[Wittrs] Re: Games with Logic and Bachelor

  • From: "jrstern" <jrstern@xxxxxxxxx>
  • To: wittrsamr@xxxxxxxxxxxxx
  • Date: Tue, 09 Feb 2010 23:19:33 -0000

--- In Wittrs@xxxxxxxxxxxxxxx, Sean Wilson <whoooo26505@...> wrote:
>
> Here's what I think you aren't getting. Definitions don't prescribe the use 
> of words, behavior does. What are commonly called definitions in dictionaries 
> are nothing but accounts of these uses. Sort of like a newspaper for the 
> language game. No one I know of would credibly say that if a use was 
> meaningfully understood that it couldn't be made because the dictionary 
> didn't yet have it.
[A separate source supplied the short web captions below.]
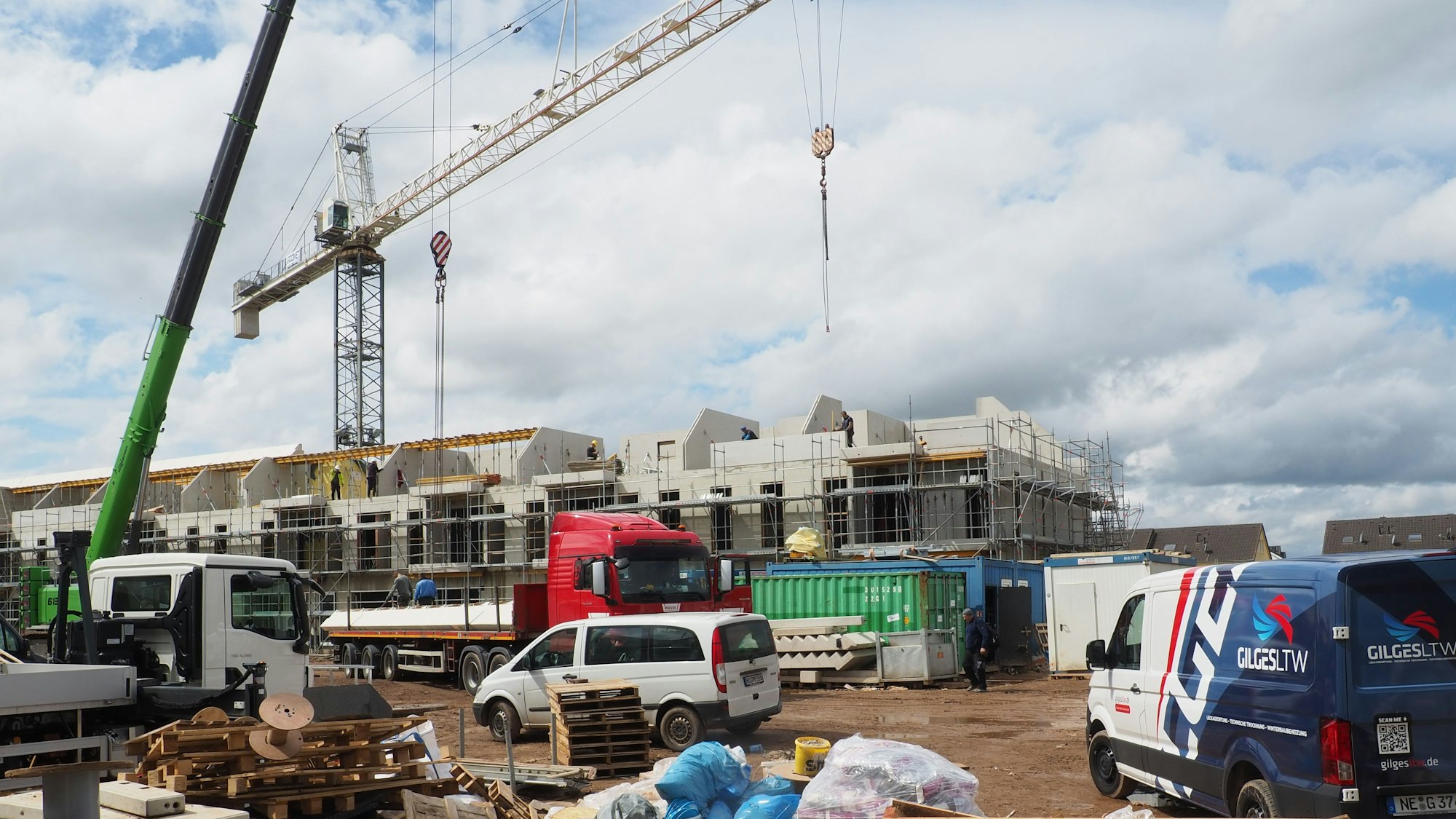 Das Foto zeigt einen Abschnitt der im Bau befindlichen Jahnshöfe in Konradsheim.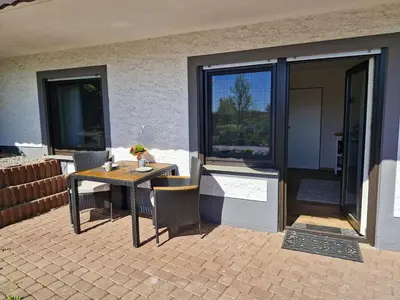 Ein Balkon oder eine Terrasse in der Unterkunft Eifel-FeWo by Salzburger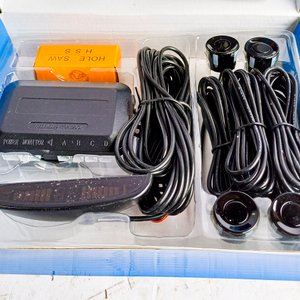 Kit Sensor de Estacionamiento y 2 Luces Xenon - imagen 2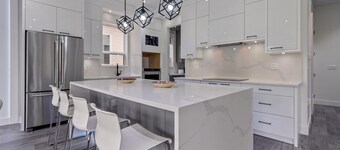 🍁Brand new, cheerful, exquisite 4 BR house,fast wifi,parking🏆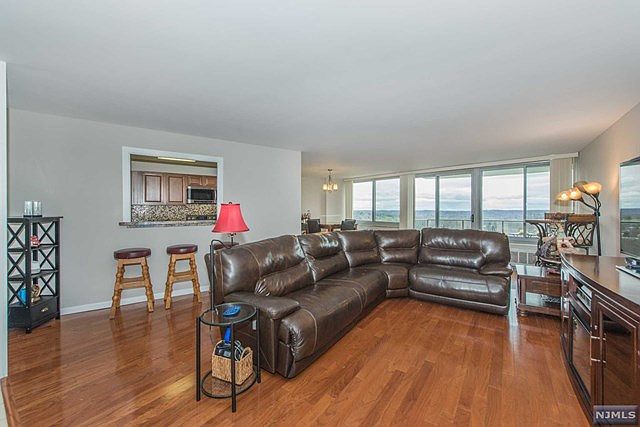 1st image of 1 Claridge Dr APT 702
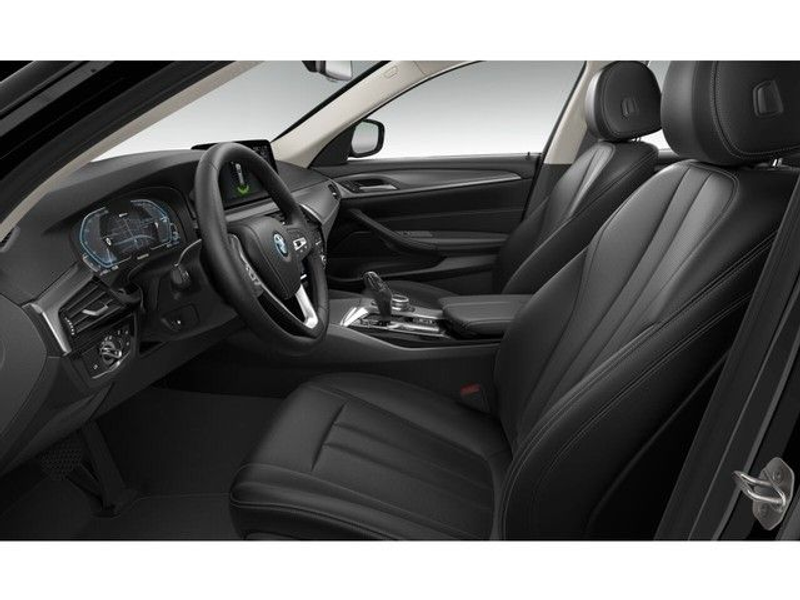 BMW 530 e Touring Aut. Klimaaut. Head-Up Memory vorn — photo 3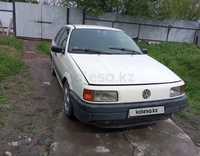 Продаю Volkswagen Passat 1993 состояние хорошее.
And so, for the idea of calling Tiger a "bachelor" to be 
> a joke can only be true IN A SENSE OF TALKING. You are observing a fence 
> again. You use the word "bachelor" and "marriage" with a fence in both yards. 
> That's fine. You're allowed. Many people do. Your point is taken. But what 
> you don't understand is that if people use these words without such fences, 
> they too are allowed whatever goals they score.

Well, I wonder.

If your child says, "Look at the kitty!" and points at a cow,
that must tell us something about indexicals and speech acts and
Wittgensteinian grammars and Quinian empiricism, but does it not
rather get crosswise with what we know of kitties and cows?

In just what game is the goal scored?

We're all supposed to know, from early on, that marks on paper,
sounds in the air, have no _inherent_ meaning but what some person
or persons make of them.  Why must we constantly rediscover this?

And then, the lesson once more fresh in mind, then what?